In order to investigate the influence of the ligand flexibility, secondary ligand and reaction conditions on the architecture of coordination polymers, we chose two tetrazolate-5-carboxylate ligands with different molecular backbones and flexibilities with the incorporation of different secondary ligands, and a modified reactant ratio, reaction temperature and pH value. The synthetic route is shown in Scheme 3. 1H-tetrazolate-5-carboxylate ligands were generated by in-situ hydrolysis of their respective ester and NaOH, which could simultaneously adjust the pH value of the reactant mixture. For the Htzea reaction system with the same ZnCl₂, Htzea and NaOH molar ratio of 0.3 : 0.3 : 0.4 at the same reaction temperature (160 °C), polymers 1–3 with different topologies were obtained in the presence/absence of 2,2′-bipy and 4,4′-bipy.

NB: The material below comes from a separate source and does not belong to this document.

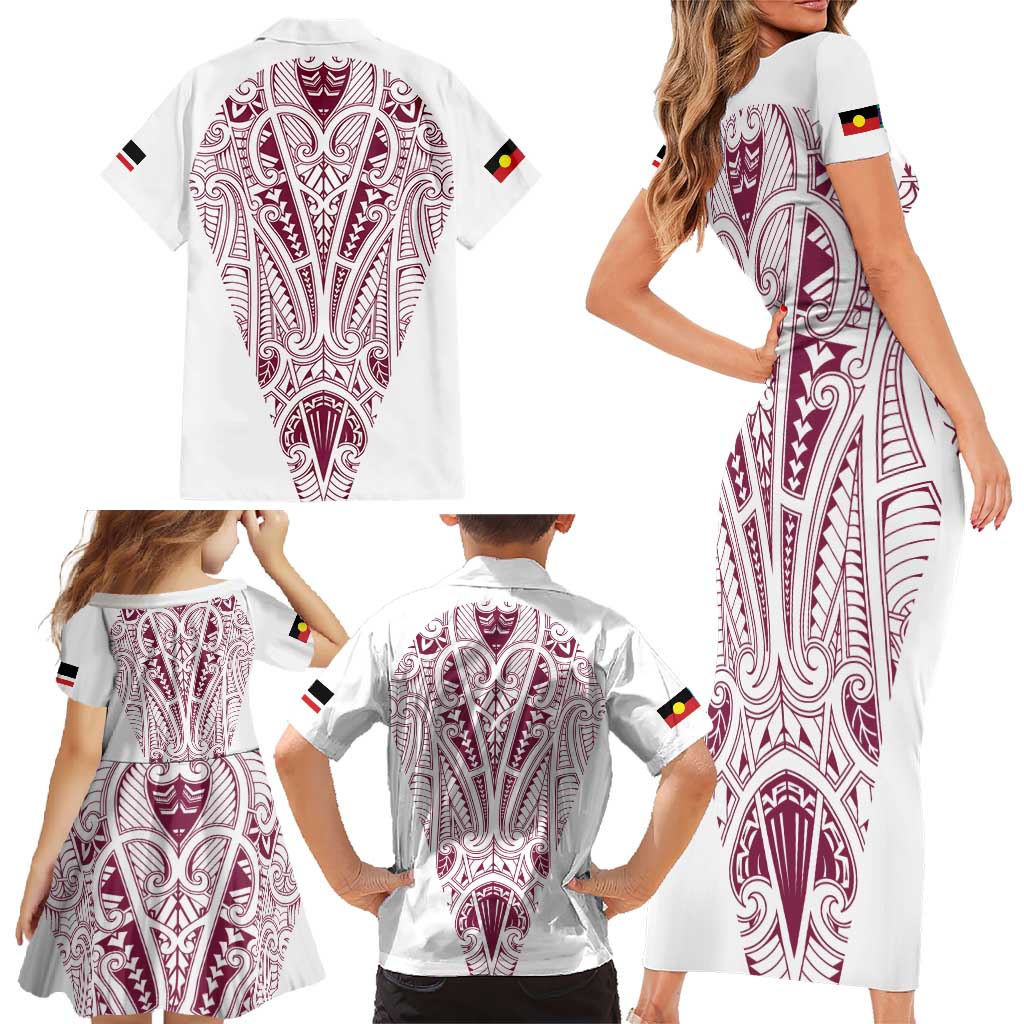 Queensland Maori Rugby Nga Hau e Wha Family Matching Short Sleeve Bodycon Dress and Hawaiian Shirt White Motif LT9 - Polynesian Pride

The results indicate that different secondary ligands have a big effect on the formation of tza coordination polymers. However, the effects on the final product of tzf coordination compounds are more complicated. The reaction mixture of ZnCl₂, Htzef and NaOH in the reactant ratio of 0.3 : 0.3 : 0.4 with a higher pH value at 80 °C produced dinuclear 4, while the reactant ratio of 0.3 : 0.3 : 0.2 at a lower pH value gave protonated [Zn(Htzf)₂]_n, which was previously obtained from the reaction of H₂tzf and ZnCl₂ at room temperature.^11a It is worthy of note that decarboxylation of tzf was observed at the higher reaction temperature. When the reaction temperature was raised above 120 °C in a limited extent of pH values with a reactant ratio of ZnCl₂, Htzef and NaOH varying from 0.3 : 0.3 : 0.2 to 0.3 : 0.3 : 0.4, the decarboxylated product [Zn(HCN₄)₂] was formed, which was previously obtained by a hydrothermal reaction of Zn(OAc)₂ and tetrazole.¹² The hydrothermal decarboxylation of carboxylic acid containing N-donors in the β position has been well documented,¹⁶ which is first encountered for tzf ligand. Regretfully, the attempts to synthesize Zn(II) complex with mixed ligands of tzf and 4,4′-bipy failed at different reaction temperatures and reactant ratios, and 1-D polymer [ZnCl₂(4,4′-bipy)]_n was always produced, which was previously prepared by directly reacting 4,4′-bipy with ZnCl₂.¹³ Based on the aforementioned facts, reaction conditions such as reaction temperature, pH value and secondary ligand exert a synergic effect on the formation of tzf coordination compounds.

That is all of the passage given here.